Is California’s landmark 2018 privacy law working? It’s hard to tell, in part because the messy data it has produced.
The law makes businesses disclose what personal data they have on any citizen who wants to know. The firms must also delete such data upon request.
Now firms are releasing data on the number of requests they’ve received, but its making the picture murkier, no clearer.
From Politico:
One year in, it’s almost impossible to tell how many Californians are taking advantage of their new rights, or precisely how the biggest players are complying.
The largest companies targeted by the landmark 2018 California Consumer Privacy Act are required to disclose detailed figures on data-privacy requests they have received from the state’s residents since last year. But the firms have published widely disparate figures that make it impossible to evaluate the law’s effectiveness.

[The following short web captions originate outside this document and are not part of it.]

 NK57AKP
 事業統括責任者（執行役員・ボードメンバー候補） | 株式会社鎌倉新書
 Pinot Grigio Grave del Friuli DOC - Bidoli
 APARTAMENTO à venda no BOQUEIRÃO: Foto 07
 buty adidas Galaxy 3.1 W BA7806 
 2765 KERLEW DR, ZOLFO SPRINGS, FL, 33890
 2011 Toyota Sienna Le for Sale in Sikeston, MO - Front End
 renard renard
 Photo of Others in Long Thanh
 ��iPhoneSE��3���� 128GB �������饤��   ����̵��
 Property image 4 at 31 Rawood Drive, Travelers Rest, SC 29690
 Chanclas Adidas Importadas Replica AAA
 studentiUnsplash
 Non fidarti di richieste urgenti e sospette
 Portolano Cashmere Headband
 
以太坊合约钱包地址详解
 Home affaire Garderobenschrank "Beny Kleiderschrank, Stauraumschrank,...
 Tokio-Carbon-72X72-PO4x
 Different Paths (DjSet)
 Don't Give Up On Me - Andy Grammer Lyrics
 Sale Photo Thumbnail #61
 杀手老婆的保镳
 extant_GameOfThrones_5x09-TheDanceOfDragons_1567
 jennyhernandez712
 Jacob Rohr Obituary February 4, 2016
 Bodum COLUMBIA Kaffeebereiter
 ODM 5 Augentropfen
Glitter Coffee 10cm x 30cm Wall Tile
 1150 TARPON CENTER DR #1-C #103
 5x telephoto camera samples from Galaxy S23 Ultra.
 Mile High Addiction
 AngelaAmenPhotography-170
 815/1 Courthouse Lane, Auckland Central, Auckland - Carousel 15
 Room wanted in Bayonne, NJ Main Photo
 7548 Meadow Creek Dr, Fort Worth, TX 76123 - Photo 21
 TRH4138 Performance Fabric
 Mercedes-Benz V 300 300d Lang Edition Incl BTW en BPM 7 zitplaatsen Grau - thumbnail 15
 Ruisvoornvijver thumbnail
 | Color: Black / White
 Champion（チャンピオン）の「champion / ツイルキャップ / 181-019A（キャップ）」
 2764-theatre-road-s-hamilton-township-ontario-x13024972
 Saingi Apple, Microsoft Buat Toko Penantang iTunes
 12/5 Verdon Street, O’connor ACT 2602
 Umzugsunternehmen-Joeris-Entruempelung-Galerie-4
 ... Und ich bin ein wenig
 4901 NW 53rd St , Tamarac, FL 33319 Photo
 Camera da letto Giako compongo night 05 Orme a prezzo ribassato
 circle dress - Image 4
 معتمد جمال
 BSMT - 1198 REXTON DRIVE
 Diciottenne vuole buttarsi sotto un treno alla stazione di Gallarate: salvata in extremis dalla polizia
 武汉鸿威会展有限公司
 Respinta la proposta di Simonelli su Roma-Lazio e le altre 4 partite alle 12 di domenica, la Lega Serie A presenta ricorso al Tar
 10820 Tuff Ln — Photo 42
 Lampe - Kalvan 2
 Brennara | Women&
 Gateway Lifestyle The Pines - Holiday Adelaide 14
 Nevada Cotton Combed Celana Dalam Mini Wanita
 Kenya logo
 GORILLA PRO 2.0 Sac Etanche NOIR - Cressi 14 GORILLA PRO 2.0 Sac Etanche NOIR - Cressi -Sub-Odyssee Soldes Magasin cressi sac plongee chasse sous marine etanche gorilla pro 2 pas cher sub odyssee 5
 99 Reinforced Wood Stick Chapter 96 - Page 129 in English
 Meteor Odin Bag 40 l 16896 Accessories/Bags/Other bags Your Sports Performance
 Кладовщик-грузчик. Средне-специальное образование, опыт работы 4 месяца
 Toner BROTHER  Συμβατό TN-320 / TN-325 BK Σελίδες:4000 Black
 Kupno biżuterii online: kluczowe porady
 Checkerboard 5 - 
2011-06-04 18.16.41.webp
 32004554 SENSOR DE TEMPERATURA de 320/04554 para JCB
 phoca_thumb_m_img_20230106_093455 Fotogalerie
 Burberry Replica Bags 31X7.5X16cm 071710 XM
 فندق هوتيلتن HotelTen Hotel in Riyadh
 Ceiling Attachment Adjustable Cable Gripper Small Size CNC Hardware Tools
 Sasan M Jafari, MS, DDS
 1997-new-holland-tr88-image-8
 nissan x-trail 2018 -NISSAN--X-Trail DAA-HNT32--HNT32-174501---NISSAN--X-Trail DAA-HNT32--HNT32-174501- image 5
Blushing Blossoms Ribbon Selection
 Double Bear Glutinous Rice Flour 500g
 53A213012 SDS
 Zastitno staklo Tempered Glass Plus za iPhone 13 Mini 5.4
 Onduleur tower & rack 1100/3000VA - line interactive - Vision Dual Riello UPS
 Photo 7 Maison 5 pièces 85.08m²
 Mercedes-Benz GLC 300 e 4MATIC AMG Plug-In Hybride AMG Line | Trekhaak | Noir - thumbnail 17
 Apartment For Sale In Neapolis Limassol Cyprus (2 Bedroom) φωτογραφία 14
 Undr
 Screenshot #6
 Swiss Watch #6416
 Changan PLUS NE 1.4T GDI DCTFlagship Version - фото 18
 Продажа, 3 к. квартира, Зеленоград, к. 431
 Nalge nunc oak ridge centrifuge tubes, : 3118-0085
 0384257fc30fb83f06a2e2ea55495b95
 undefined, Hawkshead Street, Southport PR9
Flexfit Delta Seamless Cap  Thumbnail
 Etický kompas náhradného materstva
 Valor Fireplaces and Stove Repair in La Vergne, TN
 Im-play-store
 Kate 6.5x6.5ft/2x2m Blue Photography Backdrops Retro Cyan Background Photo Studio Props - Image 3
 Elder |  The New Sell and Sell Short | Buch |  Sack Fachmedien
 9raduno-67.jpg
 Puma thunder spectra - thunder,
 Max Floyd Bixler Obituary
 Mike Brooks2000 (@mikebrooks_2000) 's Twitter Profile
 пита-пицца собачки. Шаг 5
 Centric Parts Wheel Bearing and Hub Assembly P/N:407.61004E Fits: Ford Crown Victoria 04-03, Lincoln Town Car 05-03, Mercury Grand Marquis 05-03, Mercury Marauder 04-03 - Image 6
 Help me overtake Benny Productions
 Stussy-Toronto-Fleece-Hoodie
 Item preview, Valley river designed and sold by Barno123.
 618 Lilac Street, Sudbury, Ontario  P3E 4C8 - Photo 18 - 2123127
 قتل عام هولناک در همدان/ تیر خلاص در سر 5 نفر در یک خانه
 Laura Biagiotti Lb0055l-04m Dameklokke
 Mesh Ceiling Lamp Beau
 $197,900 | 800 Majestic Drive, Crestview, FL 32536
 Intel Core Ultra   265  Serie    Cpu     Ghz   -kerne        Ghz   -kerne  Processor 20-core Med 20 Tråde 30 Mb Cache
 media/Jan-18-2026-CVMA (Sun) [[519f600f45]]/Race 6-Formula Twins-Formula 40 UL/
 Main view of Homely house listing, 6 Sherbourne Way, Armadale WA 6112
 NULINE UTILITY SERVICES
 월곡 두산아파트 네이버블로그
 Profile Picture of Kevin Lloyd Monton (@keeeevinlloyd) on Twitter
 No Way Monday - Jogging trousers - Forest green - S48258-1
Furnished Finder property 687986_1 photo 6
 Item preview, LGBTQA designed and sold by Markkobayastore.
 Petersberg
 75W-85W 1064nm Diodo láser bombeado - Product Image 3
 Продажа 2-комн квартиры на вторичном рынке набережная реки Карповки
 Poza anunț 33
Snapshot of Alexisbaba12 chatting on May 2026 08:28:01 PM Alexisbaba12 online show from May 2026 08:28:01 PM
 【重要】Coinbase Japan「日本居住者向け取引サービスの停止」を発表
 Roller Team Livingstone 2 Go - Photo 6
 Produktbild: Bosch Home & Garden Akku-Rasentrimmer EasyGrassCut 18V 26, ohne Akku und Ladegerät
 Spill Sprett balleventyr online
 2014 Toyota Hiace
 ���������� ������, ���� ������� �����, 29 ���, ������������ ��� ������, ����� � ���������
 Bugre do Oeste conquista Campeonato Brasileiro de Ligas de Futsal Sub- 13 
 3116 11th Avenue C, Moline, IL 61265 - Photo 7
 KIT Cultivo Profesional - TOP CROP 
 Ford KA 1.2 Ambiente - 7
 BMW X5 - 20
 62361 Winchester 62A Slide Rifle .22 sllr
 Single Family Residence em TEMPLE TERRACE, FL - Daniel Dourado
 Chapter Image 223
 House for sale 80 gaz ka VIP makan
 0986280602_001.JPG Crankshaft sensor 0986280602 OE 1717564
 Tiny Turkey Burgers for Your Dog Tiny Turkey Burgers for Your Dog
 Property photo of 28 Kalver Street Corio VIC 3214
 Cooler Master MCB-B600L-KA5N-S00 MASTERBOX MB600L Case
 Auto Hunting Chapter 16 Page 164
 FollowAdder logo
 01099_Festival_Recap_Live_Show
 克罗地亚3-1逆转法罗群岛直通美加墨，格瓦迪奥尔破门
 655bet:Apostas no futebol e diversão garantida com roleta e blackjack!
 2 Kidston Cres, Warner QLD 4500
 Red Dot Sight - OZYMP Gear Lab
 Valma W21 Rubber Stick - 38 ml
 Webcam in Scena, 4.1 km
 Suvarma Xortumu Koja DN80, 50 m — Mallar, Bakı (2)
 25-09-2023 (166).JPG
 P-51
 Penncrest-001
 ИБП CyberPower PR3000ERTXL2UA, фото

The idea was that these stats would show Californians what they were getting out of the law and help enforcers track whether companies are following the rules. What they’ve created is a lot of confusion.
“I think it’s a bit of a mess so far, is what I’m observing,” said Jennifer King, the privacy and data policy fellow at the Stanford Institute for Human-Centered Artificial Intelligence. “Certainly if there’s no way to truly understand what these numbers are measuring, then it’s really difficult, just from a research perspective. How do we assess whether this law is working?”
California in 2018 enacted the nation’s first comprehensive privacy rights law, which empowers residents to find out what personal information companies have gathered about them and ask the businesses to delete those details or not sell them. But one year after CCPA took full effect, it’s hard to tell how much it has really changed, for businesses or for Californians.